His job is to look at the physical evidence, try to work out the truth and to give an opinion as to which side, if any, is closest to it.
I asked Lorne to share his views on the dramatic double flip of Team Allen Lawn Care and LPC at Key West.
My training has all been in the area of hydrodynamics rather than aerodynamics, but I have had five projects wind tunnel tested over the years and have picked up some idea of the underlying factors.
These are my thoughts:
The two cats were running very quickly and so close together that they were virtually touching each other – so, aerodynamically they were running as one, very wide, quadramaran!
The situation would need checking in a wind tunnel or by CFD but, basically we have gone from two cats of 32 feet to a single craft of the same length, double the weight and double the width.
Aerodynamically a cat is a wing and this means the aerodynamic aspect ratio – wing width (or ‘span’) divided by wing length (or ‘chord’) – has doubled.
Broadly, an increase in aspect ratio gives an increase in aero lift coefficient and, in this case that increase could be around 70% (in very approximate terms).
So, suddenly the boats are feeling a 70% increase in aero lift.
The two cats did open a gap between them during the flip, but they had gone past the point of no return by then.
Another way of looking at possible reasons for the double flip is that – just looking at the ram pressure in the tunnel alone – when a cat runs at normal attitude in contact with calm water, there is a range of angles of attack where it is stable – i.e. up to around, say, 8 degrees (very approximately – and craft will vary).

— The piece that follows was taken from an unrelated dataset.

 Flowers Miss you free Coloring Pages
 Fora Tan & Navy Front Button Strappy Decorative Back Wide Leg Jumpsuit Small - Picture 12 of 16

As the bow rises, within this range, a gap forward beneath the hulls opens up and air from the tunnel escapes, thus reducing the tunnel pressure and allowing the bow to drop again.
With two boats close together, the air escape gaps beneath the hulls on the sides next to each other, are sealed off – so you have the same air escape gap (i.e. the left side of one boat and the right side of the other) but there is double the amount of air (from the single, ‘double width’ hull) that needs to escape.
Again, this increases the lift under the ‘double width’ craft.
In practice, it is probably a combination of both of the above systems, and there may well be other factors, which I haven’t thought of.
The centre of aero lift acts forward of the centre of gravity, which is why there is the tendency for craft to back flip, and it is possible that with the ‘double width’ hull this aero lift centre moves further forward, thus increasing the ‘back flip’ leverage in addition to the above lift increases.
This double flip scenario has been seen before with circuit racing tunnel hulls (and, I believe with Unlimited Hydros), but it is the first time I’ve heard of it with offshore boats.
That doesn’t mean it hasn’t happened before, of course.